Whatever challenges they're going through, Americans still find a lot to be thankful for these days—with God getting the most credit.
As America counts the few remaining days before Thanksgiving on Nov. 24, a new study by the LifeWay Research found out that most Americans are thankful for family (88 percent), health (77 percent), personal freedom (72 percent) and friends (71 percent).
"The blessings that matter most are the ones money can't buy," said Scott McConnell, executive director of LifeWay Research.
He noted that fewer Americans give thanks for wealth (32 percent) or achievements (51 percent).
In an online survey of 1,000 Americans, the researchers gave the respondents a list of 10 options and asked them to rank them in order of thankfulness. Only two percent were not thankful for any of the options provided.
According to the study, 63 percent of Americans give credit to God for their blessings; 57 percent give thanks to their family while 31 percent give thanks to friends. Smaller percentages give thanks to themselves (8 percent) or fate (4 percent).
Americans attending religious services at least once a month (84 percent), African-Americans (83 percent), Christians (80 percent), and those living in the South (72 percent) are among those most likely to thank God, the study says.

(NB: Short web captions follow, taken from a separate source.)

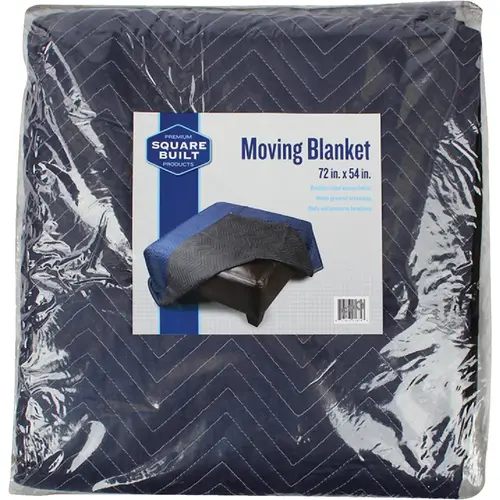 72 In. x 80 In. Moving Blanket Blue 72 In. x 80 In. Moving Blanket Blue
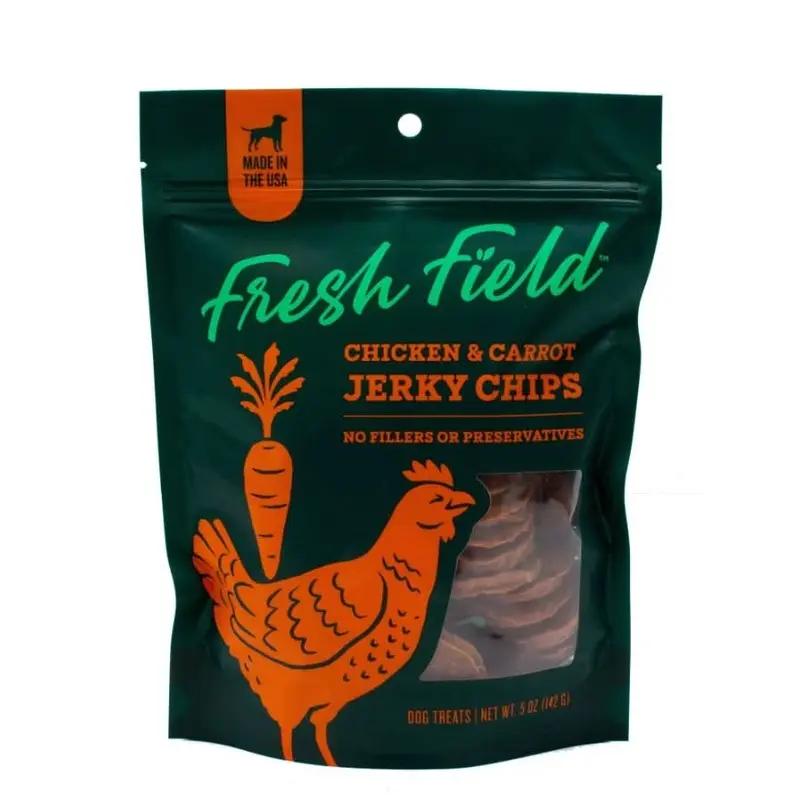Fresh Field Chicken and Carrot Jerky Chips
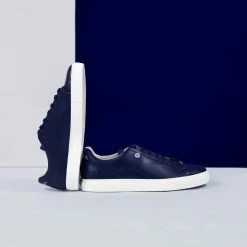 Corail Marseille 21 Recycled Vegan Trainers | Ocean Blue Shoes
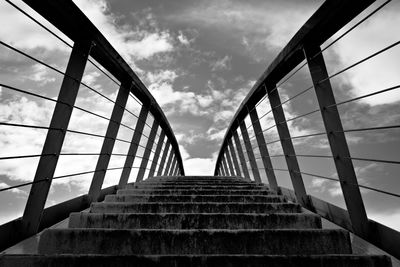 Low angle view of bridge against sky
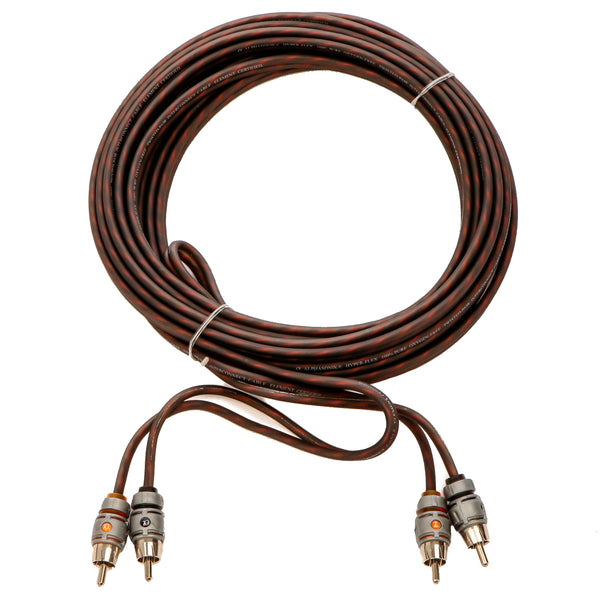 Alphasonik 15 Feet Premium 2 Channel Hyper-Flex RCA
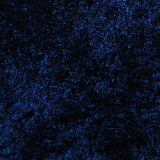 AMER Rugs Odyssey ODY-6 Shag Solid Transitional Area Rug Dark Blue 7'6" x 9'6"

The survey also shows that Protestants (90 percent) are more likely to thank God than Catholics (67 percent). Ninety-four percent of Christians with evangelical beliefs are most likely to thank God.
Even those who do not subscribe to any religion—the nones—are also saying thanks to God, at least 1 in 4 of them, according to the study.
On sexual differences, the survey shows that men (9 percent) are more likely to not give thanks than women (5 percent). Those younger than 25 (14 percent) are also more likely to skip giving thanks than those 65 and older (5 percent).
LifeWay Research says overall the spirit of thanksgiving is alive and well in America, despite a stressful and divisive election season.
"Many Americans have felt discouraged about events of the past year," said McConnell. "But they still find a lot to be thankful for."